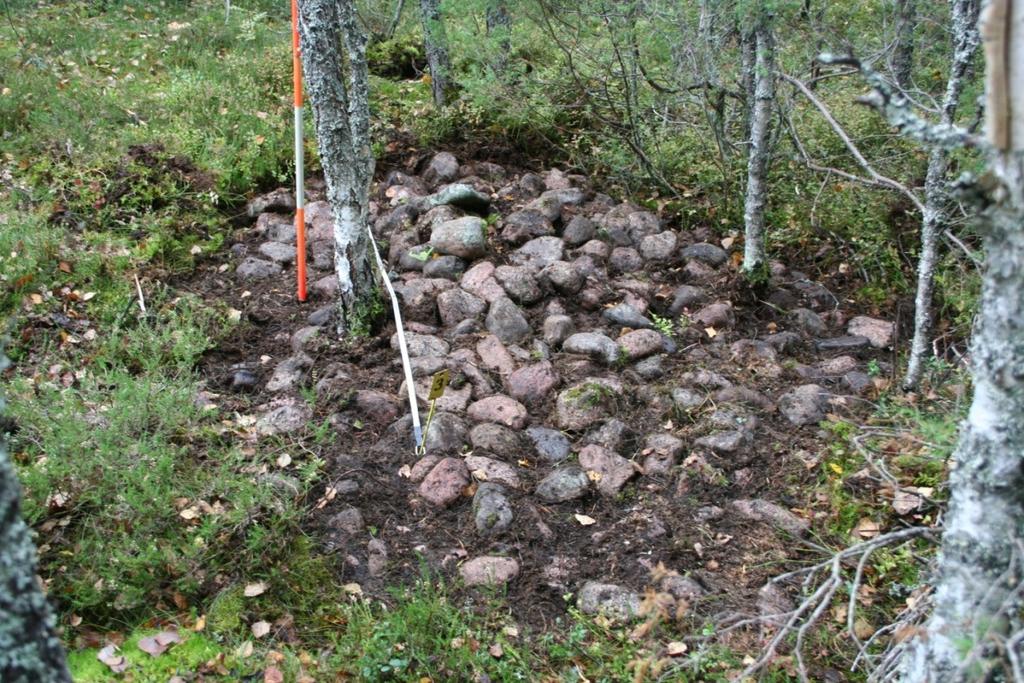 Kuvaaja.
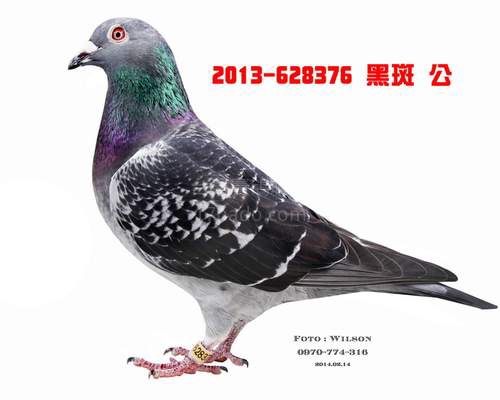 冠鳴376鴿身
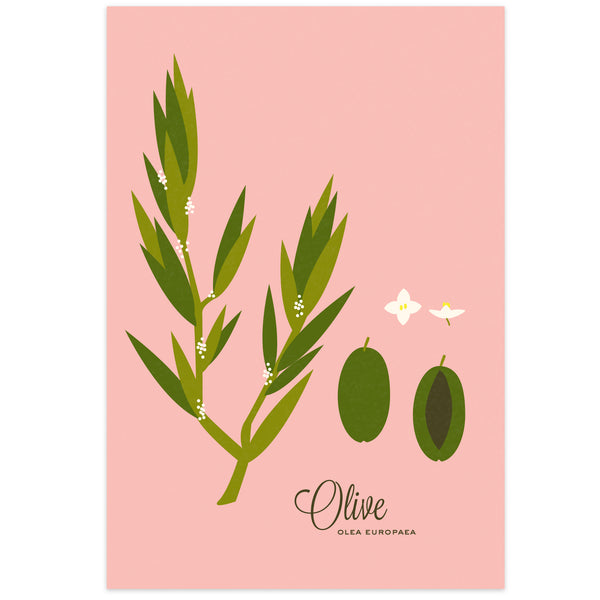 Olive Art Print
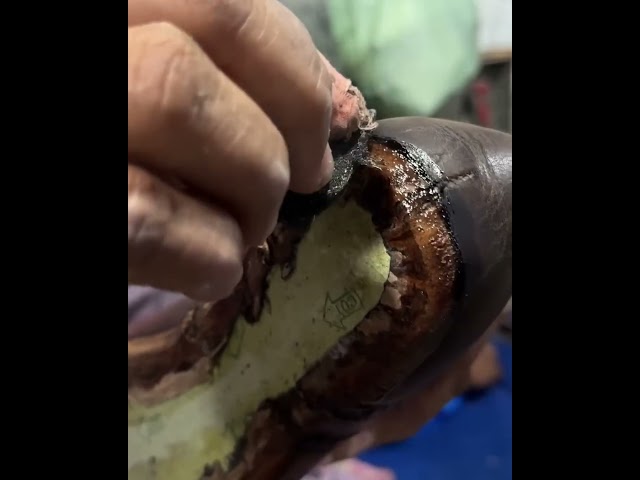 From Literal Trash to Pure Luxury! 💎 (Part 3) #asmr #restoration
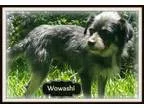 Adopt Wowashi a Schnauzer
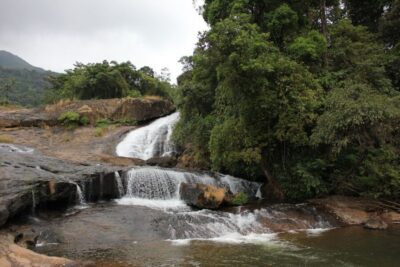 Munnar: Tea Garden and Elephant Safari Trip by 4x4 - Viripara Waterfalls: forest bathing without the tourist crowd vibe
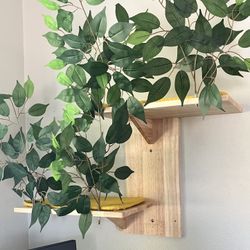 Cat Wall Shelf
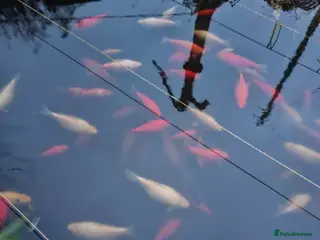 Other/Mixed Breed fish 4 left from emptying pond. - Advert 16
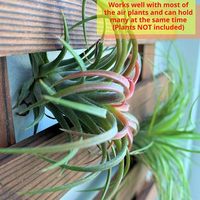 Support mural vertical en bambou pour plantes aériennes et succulentes BH - Jardinière suspendue pour plantes d'intérieur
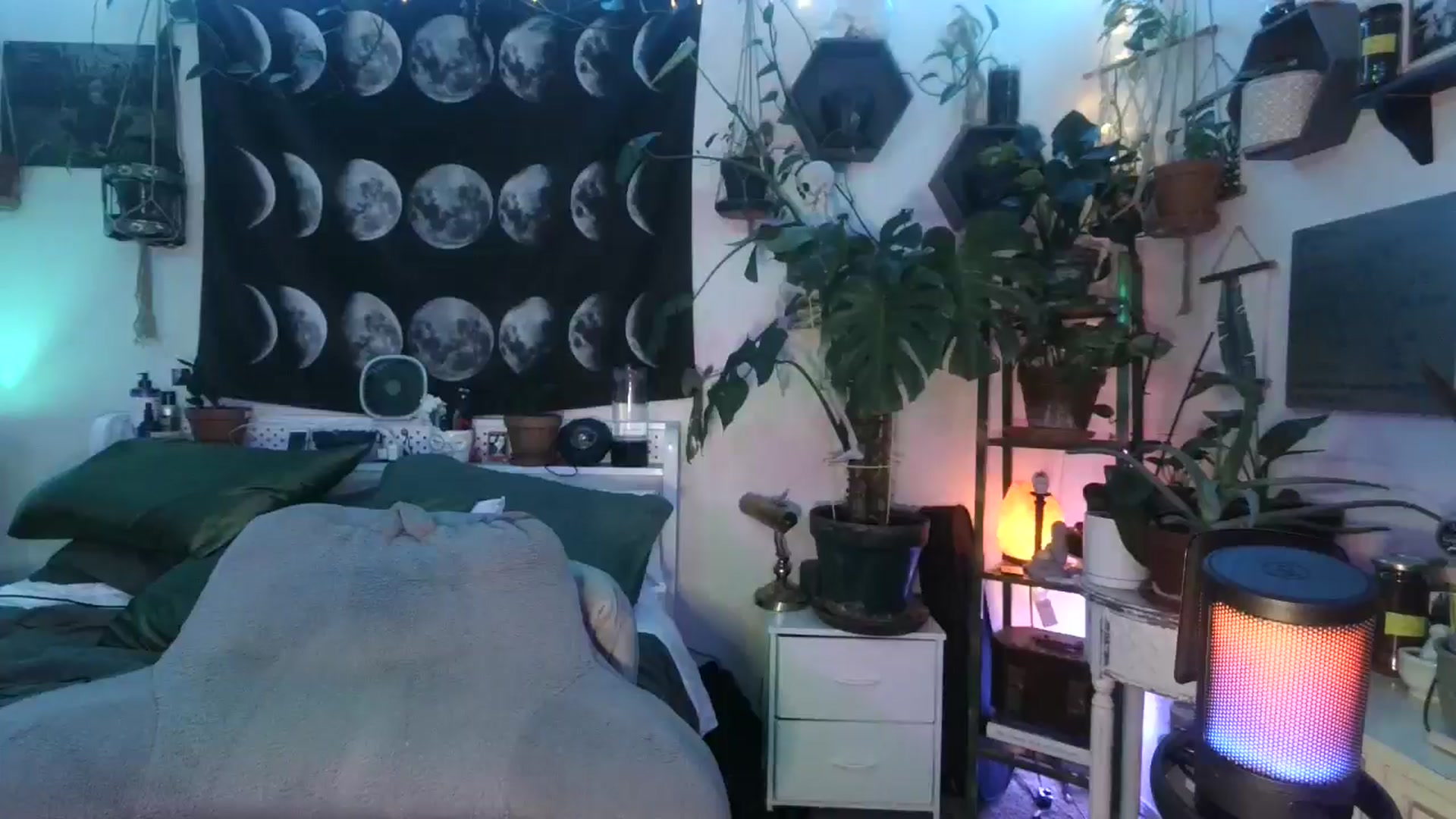 Gallery image thumbnail from LunarLexxx's myfreecams stream on, 08/23/2024, 10:40 image 20 of 20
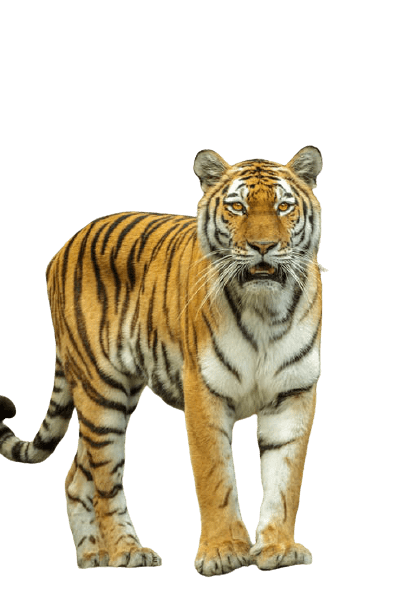 tiger-5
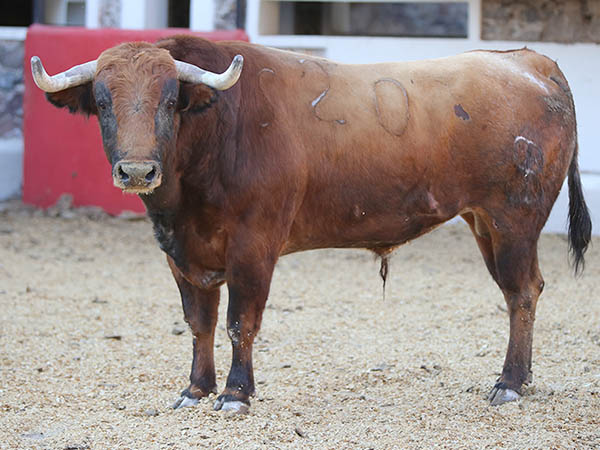 Toro No. 20 (rejones)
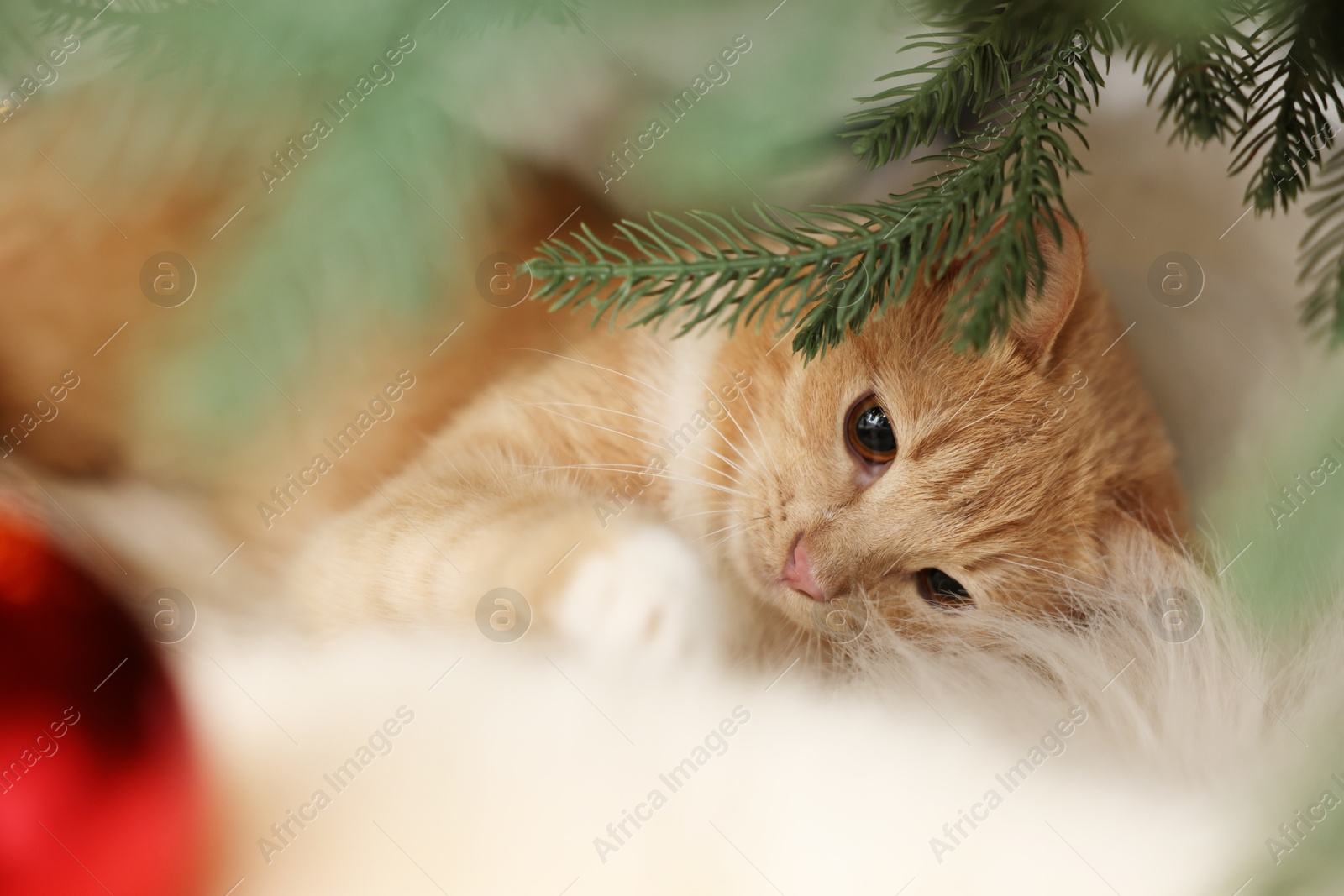 Photo of Cute ginger cat under Christmas tree indoors, closeup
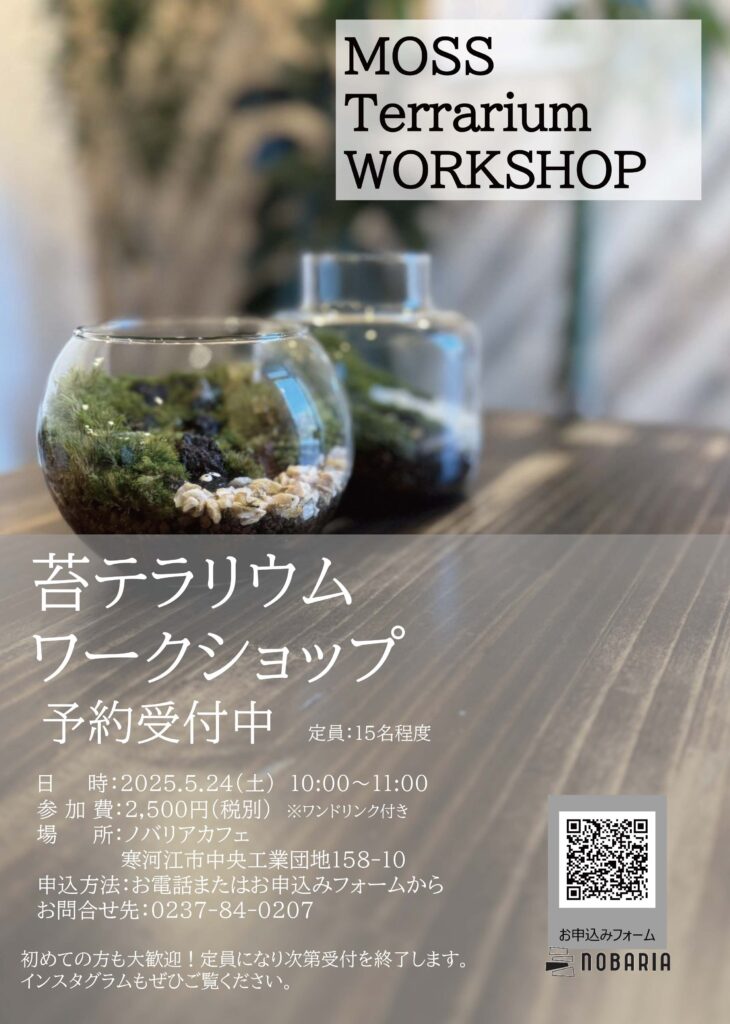 苔テラリウムちらし
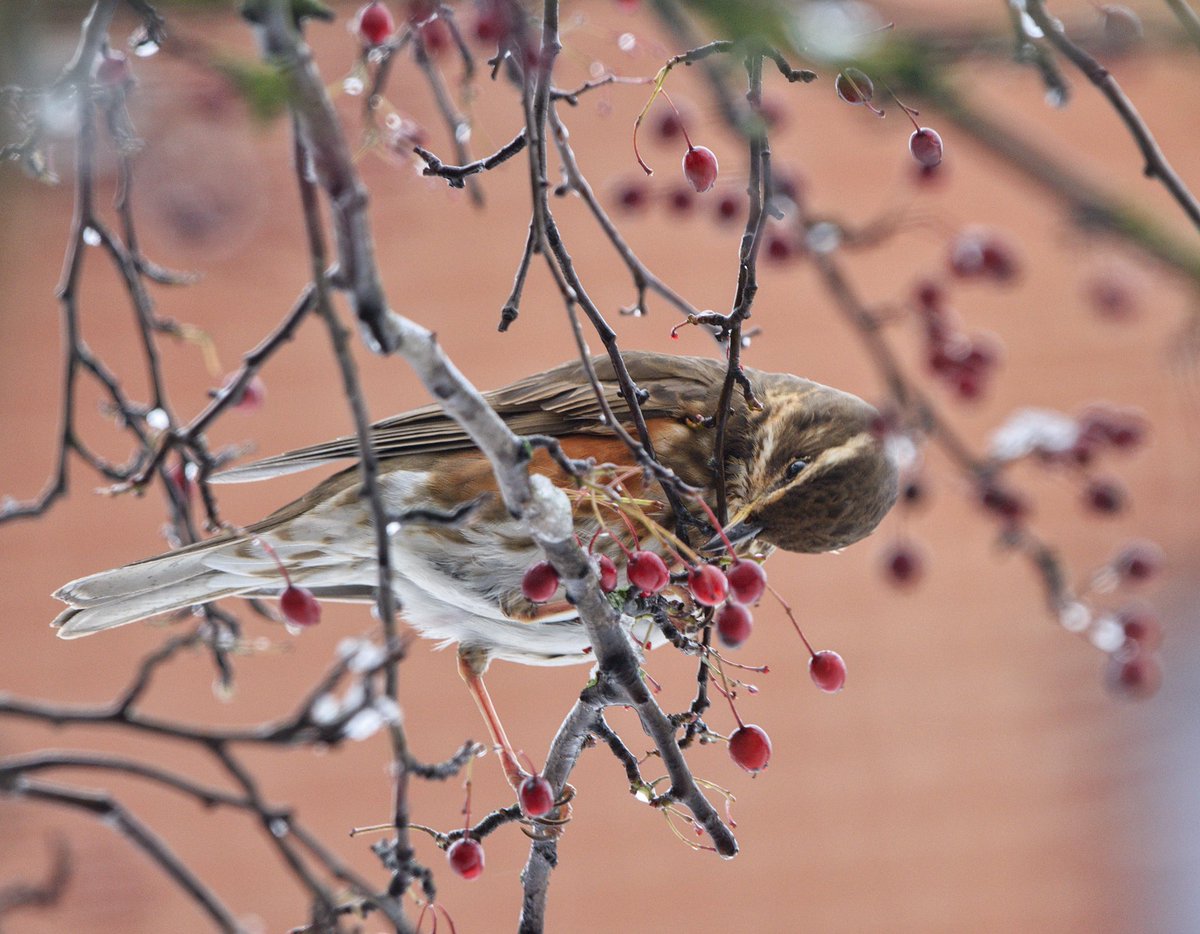 Rob Fergie tweet media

▸ **Directions**
Copy out all the data exactly. The images should not appear in the copy.

▸ **Completed exercise**
 Kuvaaja.
 冠鳴376鴿身
 Olive Art Print
 From Literal Trash to Pure Luxury! 💎 (Part 3) #asmr #restoration
 Adopt Wowashi a Schnauzer
 Munnar: Tea Garden and Elephant Safari Trip by 4x4 - Viripara Waterfalls: forest bathing without the tourist crowd vibe
 Cat Wall Shelf
 Other/Mixed Breed fish 4 left from emptying pond. - Advert 16
 Support mural vertical en bambou pour plantes aériennes et succulentes BH - Jardinière suspendue pour plantes d'intérieur
 Gallery image thumbnail from LunarLexxx's myfreecams stream on, 08/23/2024, 10:40 image 20 of 20
 tiger-5
 Toro No. 20 (rejones)
 Photo of Cute ginger cat under Christmas tree indoors, closeup
 苔テラリウムちらし
 Rob Fergie tweet media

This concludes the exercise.